Fast and accurate power analysis is a critical requirement for designing power-efficient system-on-chips (SoCs). Current system-level power analysis tools are incapable of generating power estimates under real-life workloads within an acceptable amount of time, even for moderately complex SoCs. Our work addresses this problem by borrowing on emulation, which is a widely used technique to accelerate functional verification. Unfortunately, hardware emulation of all the necessary functions for full SoC power analysis is likely to be infeasible for most systems, due to constraints on emulation capacity, and the lack of emulation-ready, synthesizable models for some SoC components early in the design process.

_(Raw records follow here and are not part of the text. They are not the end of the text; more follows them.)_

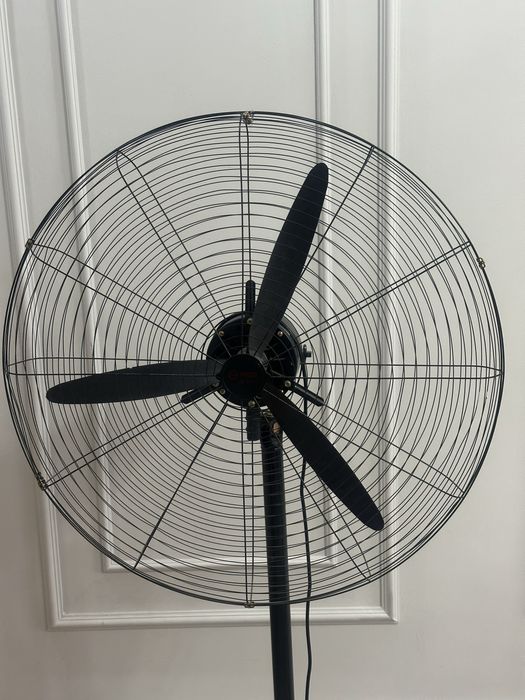 Үлкен вентилятор сатылады. Бағасы — 7000 теңге. Жағдайы жақсы, ақаусыз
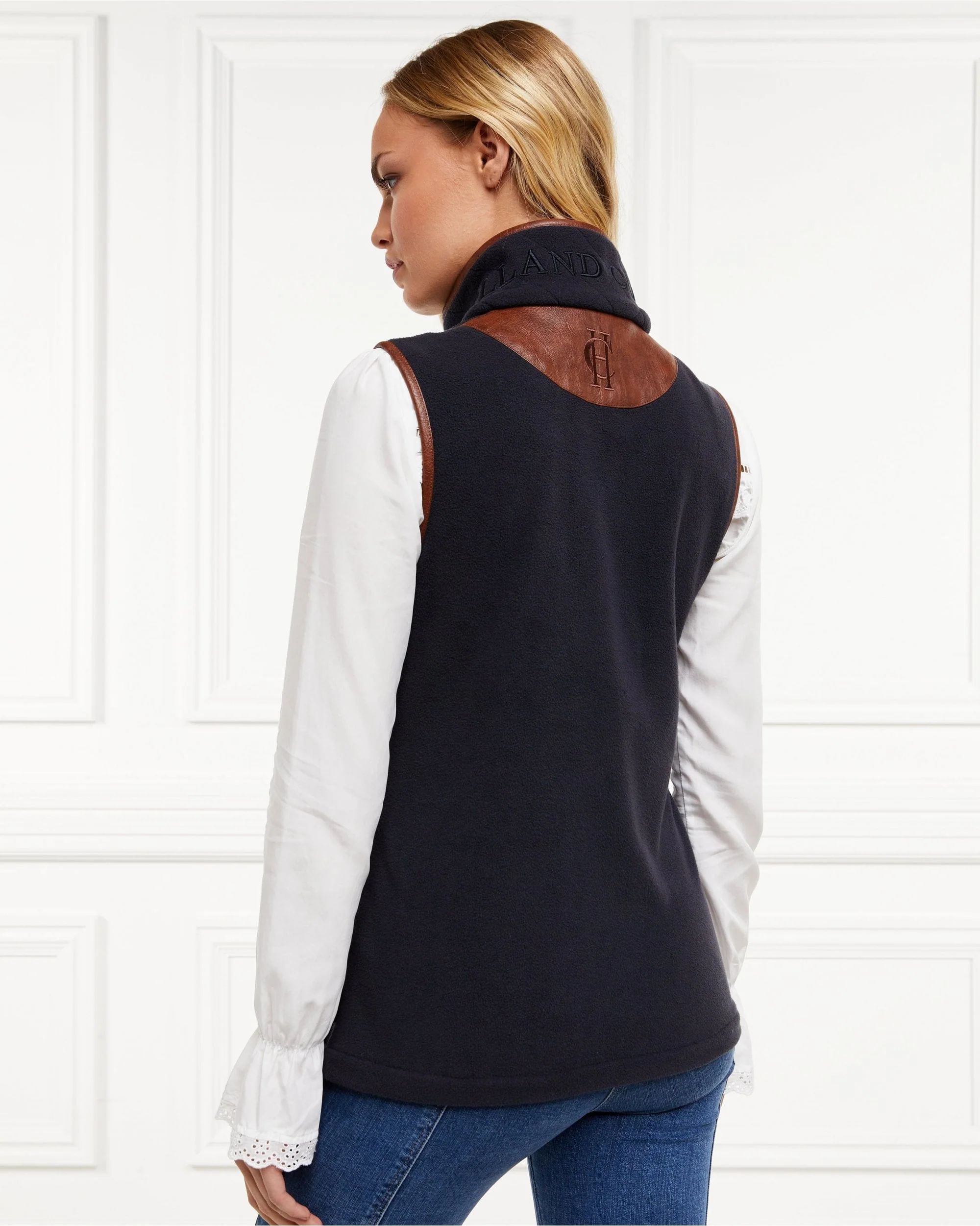Country Fleece Gilet - Image 9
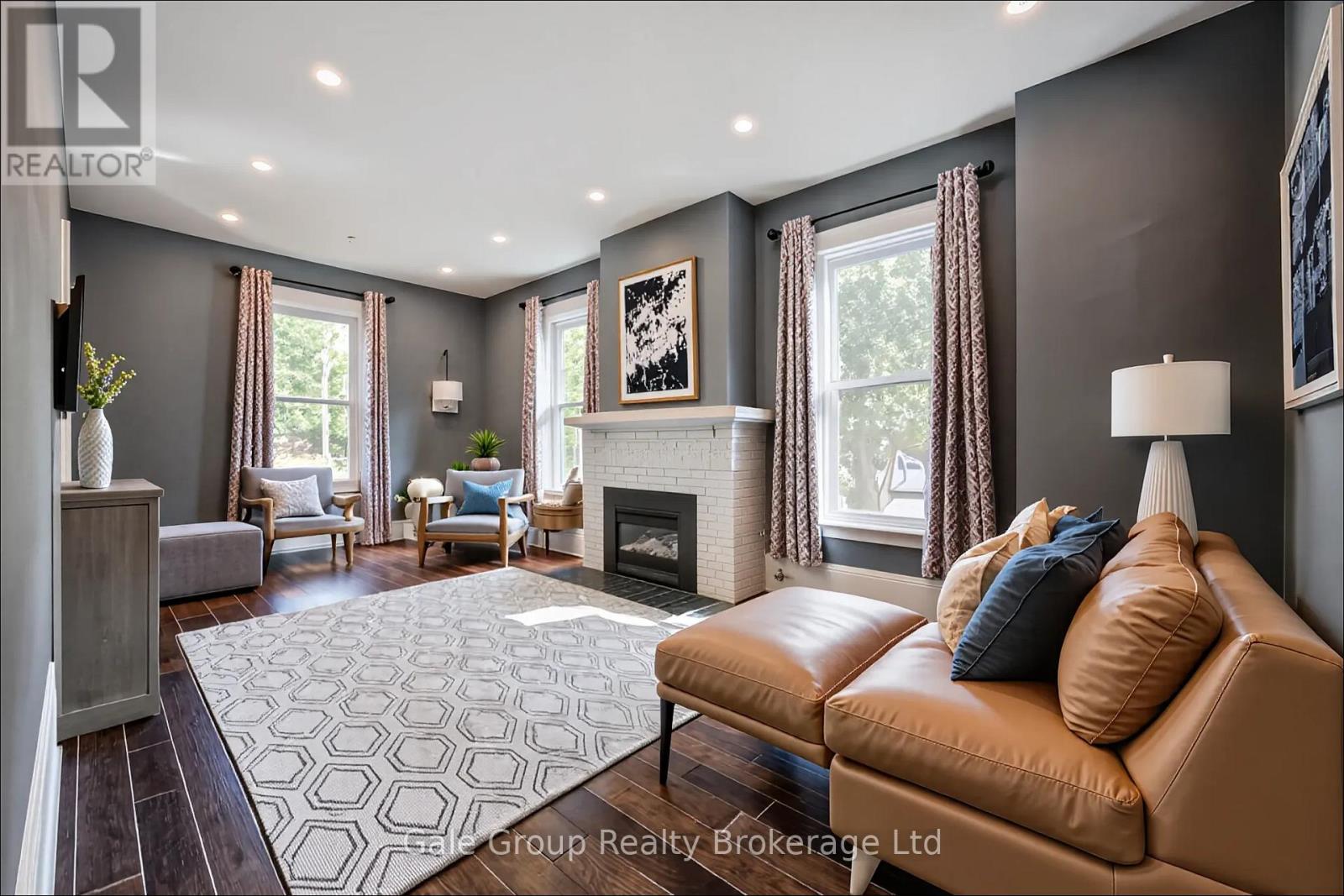 155 Vansittart Avenue, Woodstock, Ontario  N4S 6E7 - Photo 21 - X12919162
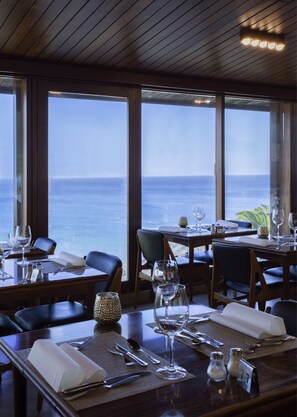 2 restaurants, spécialités Cuisine internationale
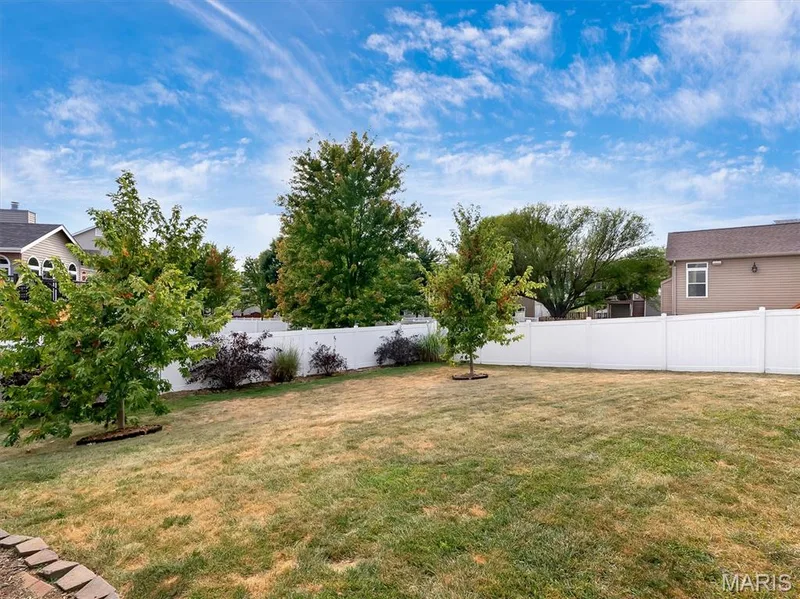 305 Valley Bluff Drive, Wentzville, MO 63385 — listing photo 46 of 48
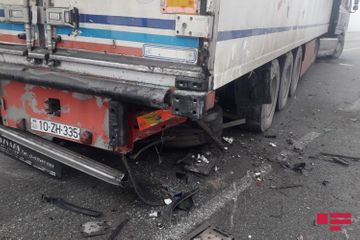 В результате обледенения дороги в Кюрдамире произошли цепные ДТП, пострадали сотрудники полиции - ФОТО
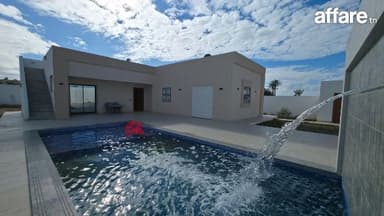 Location annuelle d'une villa avec piscine à Sidi Jmour 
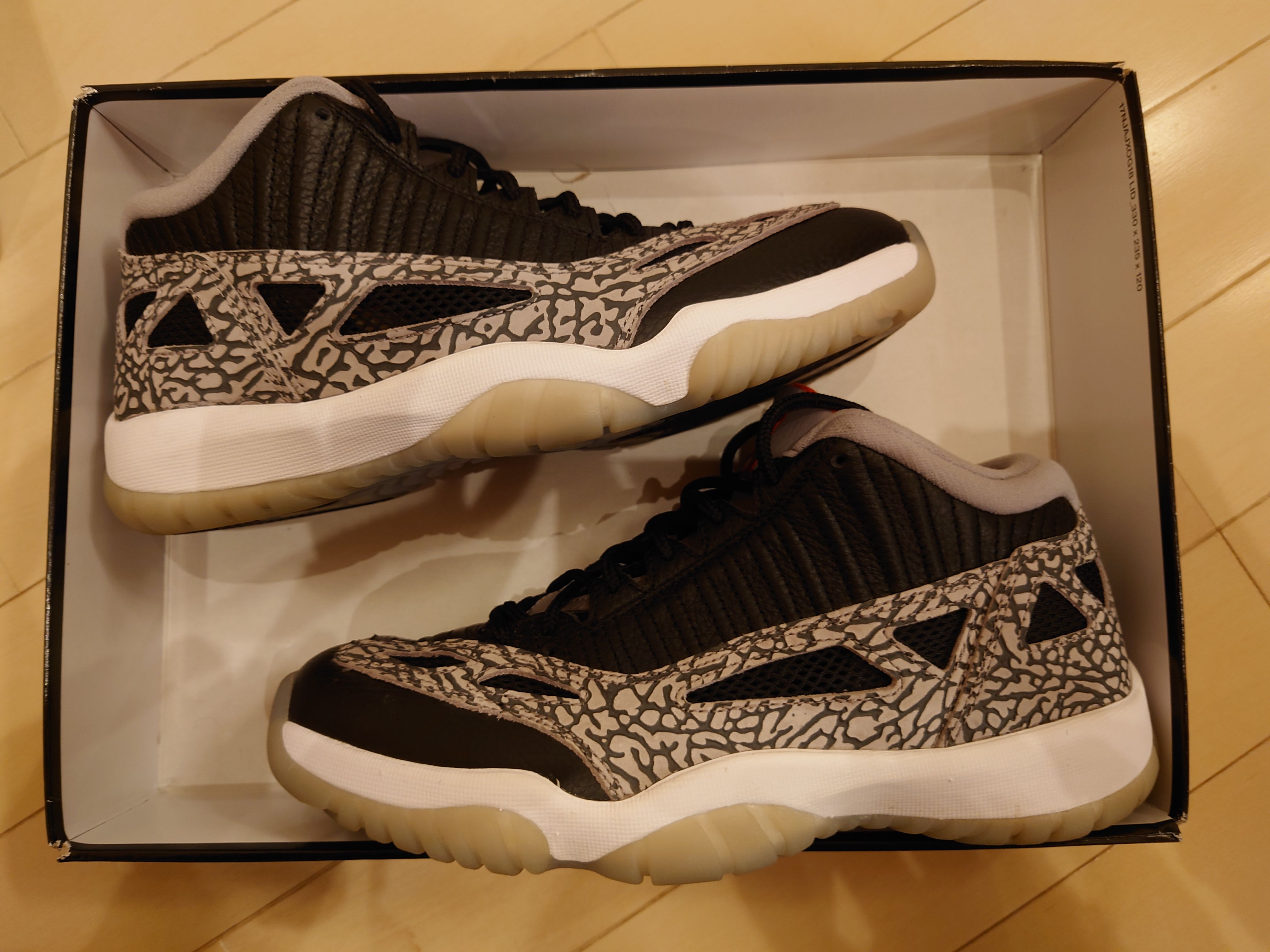 Nike Air Jordan 11 Low IE "Black Cement"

This paper describes hybrid power estimation, an approach to accelerating SoC power analysis by emulating the functional and power models of a subset of SoC components on an FPGA platform (even a low-cost, off-the-shelf FGPA board). We describe the hardware and software components of the framework, and propose techniques to overcome the challenges posed by limited host-board communication bandwidth. We have implemented a hybrid power estimation framework using a Xilinx Virtex-II Pro emulation platform and software extensions to an HDL simulator, to conduct power analysis of a video decoder SoC. The results indicate 65-332X gains in analysis efficiency over simulation-based power estimation, with no loss in accuracy. Further, we show that the increase in FPGA resource requirements for hybrid power estimation over pure functional emulation are modest.